@thriftymaid: We’re hijacking the thread here, but I have to ask, when (and where) was that? (That sounds disbelieving. It’s not meant to. I’m really just curious. I find this really interesting.)
When I was in elementary school, whether you passed or failed a grade was kind of subjective. The teacher would review the student’s grades over the course of the year and decide if they thought the student had progressed enough overall. Then they’d recommend “pass” or “fail” (or, on occasion, “skip” if the student was that much more advanced than their peers) and say which teacher they thought the student should have the next year. Parents were able to appeal if they strongly disagreed with a decision. (For example, one year my parents and my best friend’s parents appealed our teacher’s recommendation to put us in the same classroom the next year because we fought too much when we were together all day, so the principal gave us different teachers the next year.)
In middle and high school it became an objective thing because we had a different teacher for each subject instead of just one for all of them. You had to maintain an average of 65% through the whole year and also pass the final exam at the end of the year in order to pass the class as a whole. You could fail one subject and still move up to a homeroom for the next grade the following year, and only repeat the subject you failed.

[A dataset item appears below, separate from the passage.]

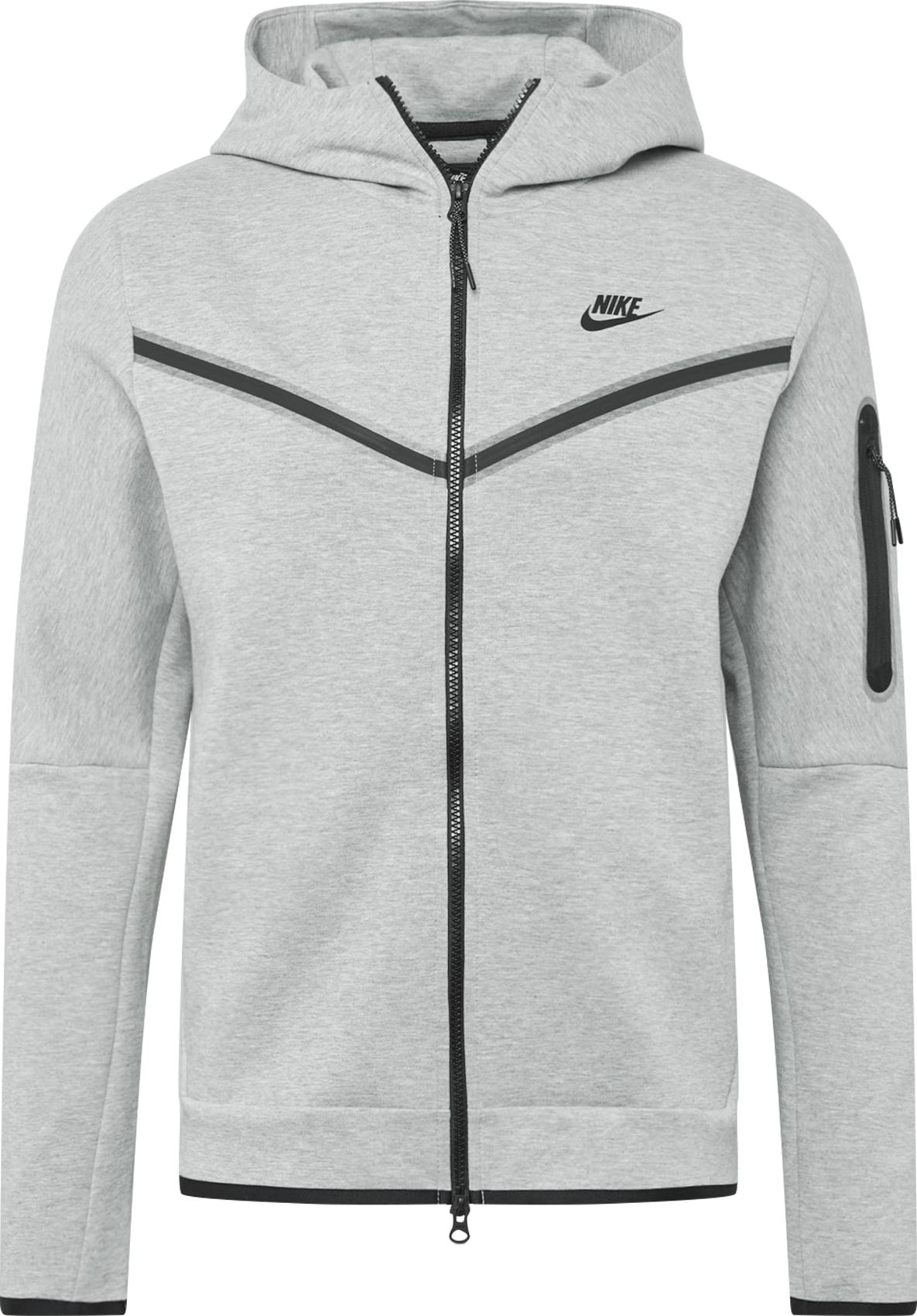 Nike Sportswear Funkční bunda šedá / černá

If you failed two subjects, you still moved forward in the classes that you did pass, but you were kept back in the ones you failed and also in homeroom, which meant you weren’t allowed to graduate with the class you’d started with. It got rather complicated; in my junior year I had at least one class in every grade level. (Mostly junior classes, senior French because I was in an accelerated program, sophomore math because I’d failed, and freshman science because I’d been skipped over it and chose to go back and take it anyway so I could get a science sequence for my diploma.)